Mortgage rates rose today for most lenders, albeit modestly. In fact, several lenders were unchanged from Friday's latest levels with the rest seeing varying degrees of weakness. In almost all cases, the weakness would be seen in the form of higher closing costs or lower lender credit (as opposed to the actual contract rate being higher). The most prevalently-quoted conventional 30yr fixed note rate continues to be 4.0% on top tier scenarios, though there are more than a few lenders at 4.125%.
The week of Thanksgiving is often marked by serendipitous volatility for the bond markets that underlie mortgage rate movement. Wednesday tends to be the most abrupt day, but Tuesday is frequently involved as well. Through the years, Thanksgiving volatility has been both a blessing and a curse for mortgage rates on a short term basis. On the occasions where market conditions have suggested a bigger drop in rates, lenders have tended to be cautious in terms of how much improvement they pass through on rate sheets. In other words, lenders tend to hold back to some extent, because they know things could get bumpy. While this does insulate borrowers who float from some of the associated risk, rates could easily still worsen if there's enough movement in bond markets.
Loan Originator Perspective
"After a weak opening, MBS are following treasuries to their best levels of the day. As of 2pm eastern, only a couple lenders have passed along the improving pricing. With support not to far away, and month end quickly approaching which is usually good for bonds, I would continue to float and evaluate pricing in the morning." -Victor Burek, Churchill Mortgage
Today's Best-Execution Rates
- 30YR FIXED - 4.0%
- FHA/VA - 3.75%
- 15 YEAR FIXED - 3.25%
- 5 YEAR ARMS - 2.75 - 3.25% depending on the lender
Ongoing Lock/Float Considerations
- 2015 has been largely about rates rising unevenly from a long-term low brought about by the onset of quantitative easing in Europe. In May and June, the Fed increasingly began telegraphing a 2015 rate hike. At that point, the "rising rate environment" seemed like a sure thing, but the Fed's plans hit several snags. Economic data began deteriorating at home and abroad, causing markets to rethink the higher rate rhetoric. Mortgage rates hit 6 month lows at the end of October, just as the Fed surprisingly changed it's policy statement to specifically suggest December as a rate hike possibility (something they haven't done since 1999).
- In the bigger picture, rates had been at a crossroads, trying to determine if they would move back to 2015 highs or if the late summer swoon was merely the first wave
of a longer campaign.
- While there is still plenty of room to be concerned about increasingly weak global economic growth,
that's not a solid enough reason to float in this environment. With the Fed almost certainly on track for a December rate hike, there is much more risk that rates move quickly higher vs
quickly lower.
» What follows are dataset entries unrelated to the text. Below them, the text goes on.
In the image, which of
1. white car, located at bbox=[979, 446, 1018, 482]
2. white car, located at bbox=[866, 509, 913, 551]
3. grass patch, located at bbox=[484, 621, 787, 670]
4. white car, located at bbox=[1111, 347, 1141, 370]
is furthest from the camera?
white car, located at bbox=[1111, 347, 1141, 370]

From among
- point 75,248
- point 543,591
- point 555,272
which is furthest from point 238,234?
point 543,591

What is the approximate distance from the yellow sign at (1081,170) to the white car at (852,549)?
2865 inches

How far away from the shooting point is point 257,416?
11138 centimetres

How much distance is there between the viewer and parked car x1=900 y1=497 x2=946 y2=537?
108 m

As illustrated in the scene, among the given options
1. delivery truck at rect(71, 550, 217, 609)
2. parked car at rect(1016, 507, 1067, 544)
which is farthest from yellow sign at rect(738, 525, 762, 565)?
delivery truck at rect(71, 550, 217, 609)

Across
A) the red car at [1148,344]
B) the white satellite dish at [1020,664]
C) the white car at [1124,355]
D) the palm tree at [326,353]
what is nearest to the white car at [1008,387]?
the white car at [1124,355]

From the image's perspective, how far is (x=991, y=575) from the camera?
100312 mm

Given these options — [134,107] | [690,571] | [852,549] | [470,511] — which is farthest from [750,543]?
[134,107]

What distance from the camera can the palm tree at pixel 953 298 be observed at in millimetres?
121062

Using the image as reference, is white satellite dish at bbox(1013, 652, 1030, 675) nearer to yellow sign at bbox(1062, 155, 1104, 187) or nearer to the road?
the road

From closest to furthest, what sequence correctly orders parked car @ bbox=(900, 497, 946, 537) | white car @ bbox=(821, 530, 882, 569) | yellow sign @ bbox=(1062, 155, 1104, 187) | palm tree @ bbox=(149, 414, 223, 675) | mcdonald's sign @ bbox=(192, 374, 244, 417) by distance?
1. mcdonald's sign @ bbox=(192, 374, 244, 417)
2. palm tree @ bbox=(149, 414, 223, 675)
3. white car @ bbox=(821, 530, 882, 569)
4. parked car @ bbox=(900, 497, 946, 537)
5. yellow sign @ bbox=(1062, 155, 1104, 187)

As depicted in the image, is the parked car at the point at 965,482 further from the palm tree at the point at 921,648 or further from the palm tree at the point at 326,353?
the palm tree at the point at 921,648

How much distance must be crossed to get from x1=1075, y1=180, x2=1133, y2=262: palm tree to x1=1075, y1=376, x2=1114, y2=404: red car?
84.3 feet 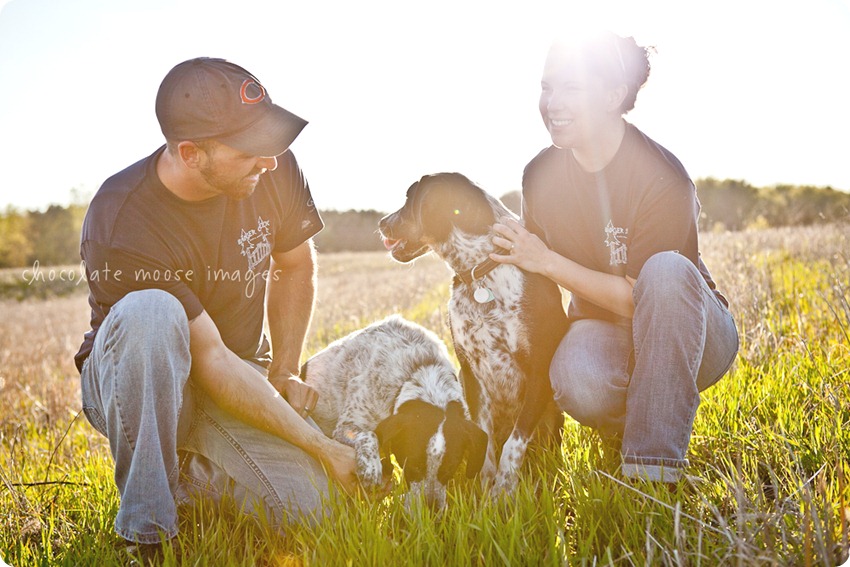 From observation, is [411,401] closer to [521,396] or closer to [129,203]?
[521,396]

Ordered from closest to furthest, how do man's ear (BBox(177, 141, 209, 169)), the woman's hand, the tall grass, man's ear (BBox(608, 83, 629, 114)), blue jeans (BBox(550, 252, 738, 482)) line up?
1. the tall grass
2. blue jeans (BBox(550, 252, 738, 482))
3. man's ear (BBox(177, 141, 209, 169))
4. man's ear (BBox(608, 83, 629, 114))
5. the woman's hand

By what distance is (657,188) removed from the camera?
3.51m

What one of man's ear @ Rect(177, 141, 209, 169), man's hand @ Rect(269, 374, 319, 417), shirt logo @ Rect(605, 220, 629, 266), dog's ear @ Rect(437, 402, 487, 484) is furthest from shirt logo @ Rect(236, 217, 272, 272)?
shirt logo @ Rect(605, 220, 629, 266)

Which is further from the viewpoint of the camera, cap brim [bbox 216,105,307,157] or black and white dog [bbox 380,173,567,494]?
black and white dog [bbox 380,173,567,494]

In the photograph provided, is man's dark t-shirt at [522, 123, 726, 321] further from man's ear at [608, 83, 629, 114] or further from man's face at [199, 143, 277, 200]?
man's face at [199, 143, 277, 200]

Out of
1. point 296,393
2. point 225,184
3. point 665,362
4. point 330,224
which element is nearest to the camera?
point 665,362

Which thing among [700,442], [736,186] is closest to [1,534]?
[700,442]

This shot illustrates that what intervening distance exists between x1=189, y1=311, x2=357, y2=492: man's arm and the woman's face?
2.07 meters

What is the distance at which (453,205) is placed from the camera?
13.9 ft

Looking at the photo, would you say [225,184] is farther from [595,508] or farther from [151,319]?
[595,508]

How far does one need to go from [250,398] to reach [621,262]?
2.15m

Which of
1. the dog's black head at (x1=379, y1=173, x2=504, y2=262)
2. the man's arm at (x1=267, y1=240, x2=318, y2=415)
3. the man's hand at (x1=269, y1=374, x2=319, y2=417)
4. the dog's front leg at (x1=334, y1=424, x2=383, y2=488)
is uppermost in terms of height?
the dog's black head at (x1=379, y1=173, x2=504, y2=262)

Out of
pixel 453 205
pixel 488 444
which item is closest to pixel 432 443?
pixel 488 444

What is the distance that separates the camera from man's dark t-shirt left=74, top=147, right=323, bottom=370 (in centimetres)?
326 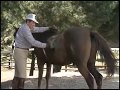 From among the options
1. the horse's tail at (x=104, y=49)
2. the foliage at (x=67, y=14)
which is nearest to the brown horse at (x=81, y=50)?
the horse's tail at (x=104, y=49)

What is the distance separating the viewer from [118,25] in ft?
26.4

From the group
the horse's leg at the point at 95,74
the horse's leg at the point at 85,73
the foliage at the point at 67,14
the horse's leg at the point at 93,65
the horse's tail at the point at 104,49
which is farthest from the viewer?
the foliage at the point at 67,14

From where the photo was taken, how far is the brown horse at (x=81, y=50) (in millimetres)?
6430

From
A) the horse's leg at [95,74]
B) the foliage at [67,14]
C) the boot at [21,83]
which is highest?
the foliage at [67,14]

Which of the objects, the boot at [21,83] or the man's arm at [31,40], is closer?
the man's arm at [31,40]

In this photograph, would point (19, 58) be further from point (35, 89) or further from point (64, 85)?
point (64, 85)

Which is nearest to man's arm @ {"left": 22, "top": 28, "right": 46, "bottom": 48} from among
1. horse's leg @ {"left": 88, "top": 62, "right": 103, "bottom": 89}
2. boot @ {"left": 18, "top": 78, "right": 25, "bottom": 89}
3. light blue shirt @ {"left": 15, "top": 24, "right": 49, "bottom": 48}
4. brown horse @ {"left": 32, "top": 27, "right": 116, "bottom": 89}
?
light blue shirt @ {"left": 15, "top": 24, "right": 49, "bottom": 48}

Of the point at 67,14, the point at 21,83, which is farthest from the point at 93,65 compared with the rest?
the point at 67,14

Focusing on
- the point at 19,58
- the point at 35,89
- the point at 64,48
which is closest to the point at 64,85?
the point at 35,89

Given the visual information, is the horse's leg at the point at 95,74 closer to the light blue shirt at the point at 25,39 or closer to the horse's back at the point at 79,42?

The big picture global malaise can serve as the basis for long term hope, but in the short term, assume upward pressure on rates when formulating your strategy.
- As always, please keep in mind that the rates discussed generally refer to what we've termed 'best-execution' (that is, the most frequently quoted, conforming, conventional 30yr fixed rate for top tier borrowers, based not only on the outright price, but also 'bang-for-the-buck.' Generally speaking, our best-execution rate tends to connote no origination or discount points--though this can vary--and tends to predict Freddie Mac's weekly survey with high accuracy. It's safe to assume that our best-ex rate is the more timely and accurate of the two due to Freddie's once-a-week polling method).